Moderated by James Rundle, deputy editor, sell side, of Waters, panelists included Nick Green, head of fixed-income markets e-business at Crédit Agricole; Alan Eddie, head of risk IT Americas, global head of regulatory risk and operational risk IT at RBS; Bill Nosal, head of business development and product strategy for Smarts Broker at Nasdaq OMX; and Ed Royan, COO at AxiomSL, EMEA.
Risk Elements
Although the primary objective of macro-regulation such as Dodd–Frank and Mifid II is the reduction of systemic risk, panelists debated the question of whether this new landscape, and both the frequency and direction of new regulation, were actually introducing new elements of risk, given the stiff penalties for breaches and the often short timeframes in which to ensure compliance.
“The scale of reform we’re seeing across the world is without precedent. Just look at Dodd–Frank, a prime example of large-scale reform,” RBS’ Eddie says. “It’s always risky, and particularly so when the whole industry has to do it at the same time—it’s not just one firm that has to change.”

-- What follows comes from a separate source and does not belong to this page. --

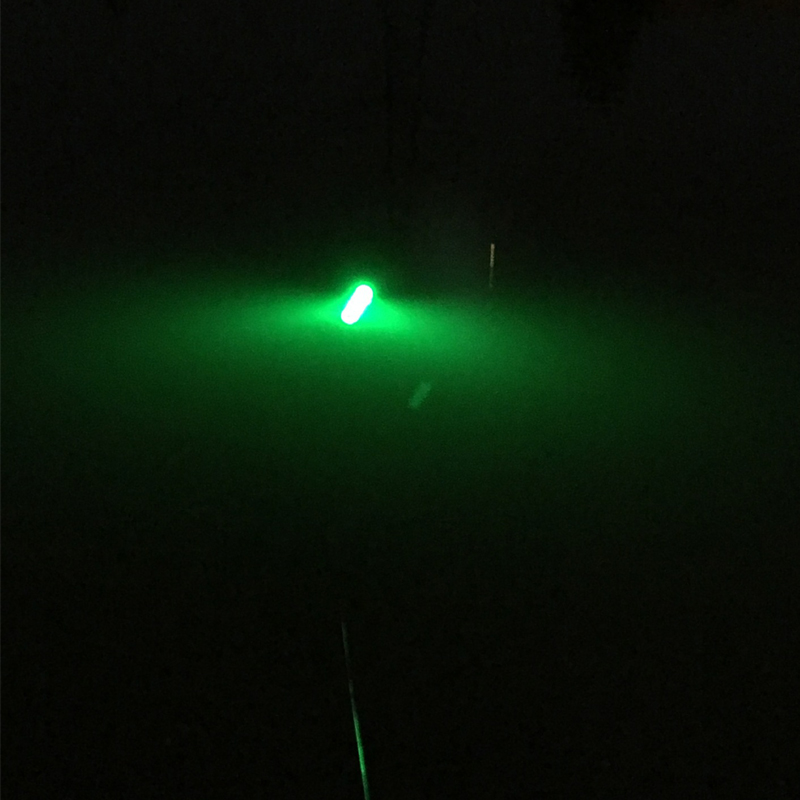 Lámpara LED subacuática para recolección de peces — imagen 1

“The scale of reform we’re seeing across the world is without precedent. Just look at Dodd–Frank, a prime example of large-scale reform. It’s always risky, and particularly so when the whole industry has to do it at the same time – it’s not just one firm that has to change.” Alan Eddie, RBS
According to Eddie, simply keeping track of what regulation was coming from where, and when regulators expected compliance, was a significant challenge. Others say this was mainly a capacity problem, and although the immediate commercial benefits of increasing compliance capacity aren’t readily apparent, some firms are actively exploring ways in which their compliance procedures and ability to adapt to regulation can be a competitive differentiator.
Carrot and Stick
The panelists say that although the burden of regulatory change is relentless, there are some benefits. Requirements under Dodd–Frank for certain institutions to centrally clear interest-rate swaps on March 11, for instance, went smoothly in part due to vendors having their systems in place to handle the new method of trading, while other regulatory reforms around derivatives transactions potentially offer new areas of growth.
“There is risk inherent in the scale and the pace of the change,” says Crédit Agricole’s Green. “But on the other hand, there are opportunities. Central clearing gives a tremendous opportunity for many of the dealers to expand the range of clients they deal with, and by reducing the risk between the counterparties, it gives the potential for that asset class to be used a lot more extensively and to be a lot more attractive to users over time.”